I am trying to get the root node of a PHP DOM Document. This is usually done by doing something like this:
$doc->documentElement;
However, trying this on a HTML string that contains a doctype:
<!DOCTYPE html PUBLIC "-//W3C//DTD XHTML 1.0 Transitional//EN" "http://www.w3.org/TR/xhtml1/DTD/xhtml1-transitional.dtd"> <html xmlns="http://www.w3.org/1999/xhtml">...
and that is loaded into a DOM Document object like so:
$doc = new DOMDocument();
$doc->loadHTML($html);
returns the root node as the html
tag and not the doctype tag! I am guessing this because of the weird characters <!
- is there anyway to return the root node correctly?

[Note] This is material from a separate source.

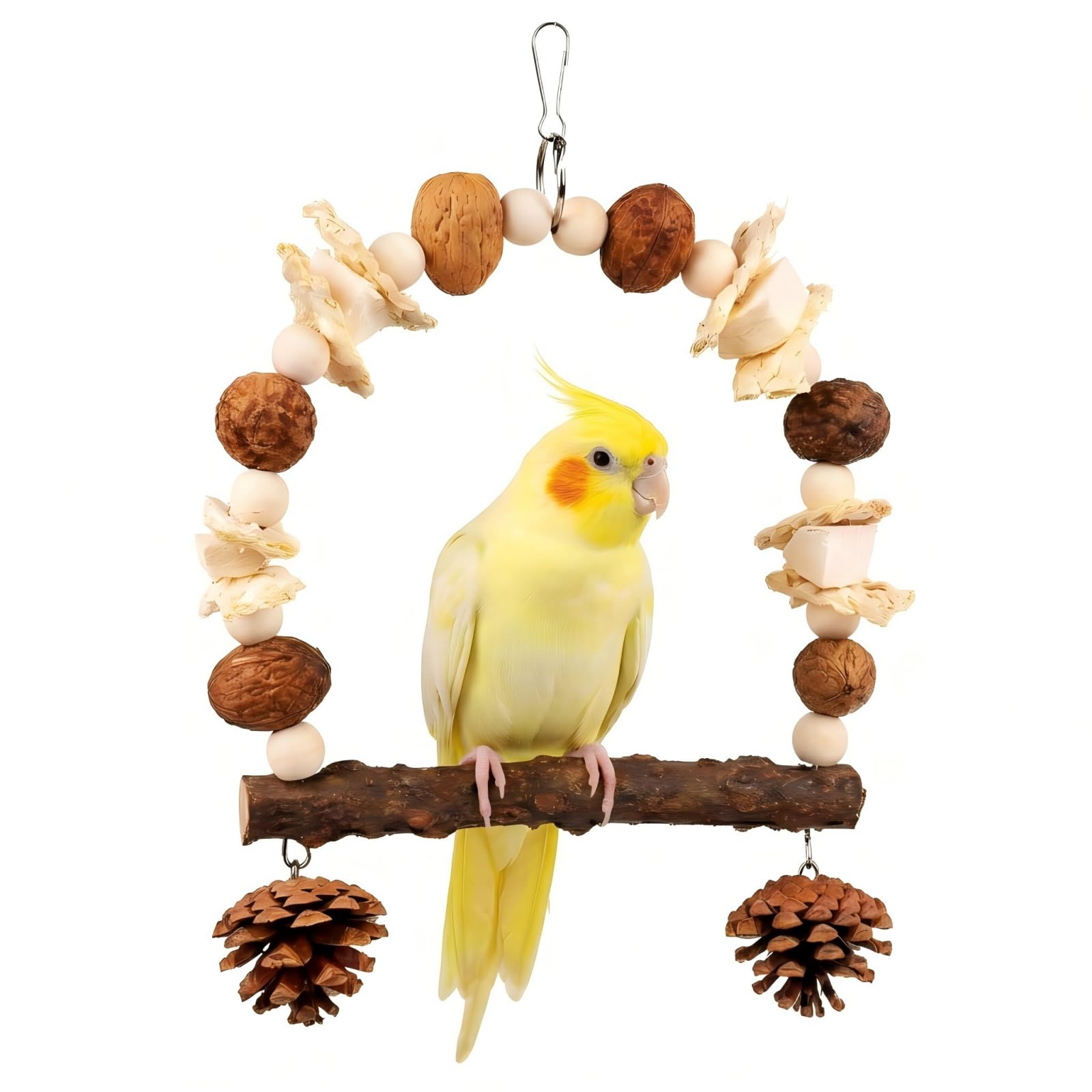 2 Pack Natural Bird Toys Set - Arch Wood Swing & Sola Ball Shreddable Toy - Foraging Hanging Perch with Pine Cones & Pumice Stone Beak Trimmer, Cage Accessories for Cockatiel, Conure, Parakeets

Doctype isn't the root node, html
is. The doctype is simply the doctype declaration that tells the browser what the rest of the file is.
Maybe you can use DOMDocument::doctype ? ($doc -> doctype
)
the DOCTYPE
is not actually a node, and it certainly isn't the root node. Try $doc->doctype
.
I ran into this problem some time ago and it was because I actually didn't want the DOCTYPE
in there at all. I was using code snippets and was having a hard time getting the returned values to be untainted with DOCTYPE
and HTML tags added when there shouldn't be.
I am going to present an answer not in here yet just in case your having the same problem I had. My solution actually prevents the adding of any DOCTYPE
elements if you have a newer version of php. I believe it's a minimum of PHP v5.4 and up and also LibXML v2.7.8 minimum. If you have both of these versions up to date then its as simple as adding a constant flag to the method call of the DOMDocument object's loadHTML implementation. The constant is LIBXML_HTML_NODEFDTD
and it is used like this....
$doc = new DOMDocument();
$doc->loadHTML($someContentString, LIBXML_HTML_NODEFDTD);
This way there is no additional parsing needed at all and you can go about your life without this DOCTYPE
problem... unless you needed the DOCTYPE
tag in which case my answer and let someone else find it through Google :)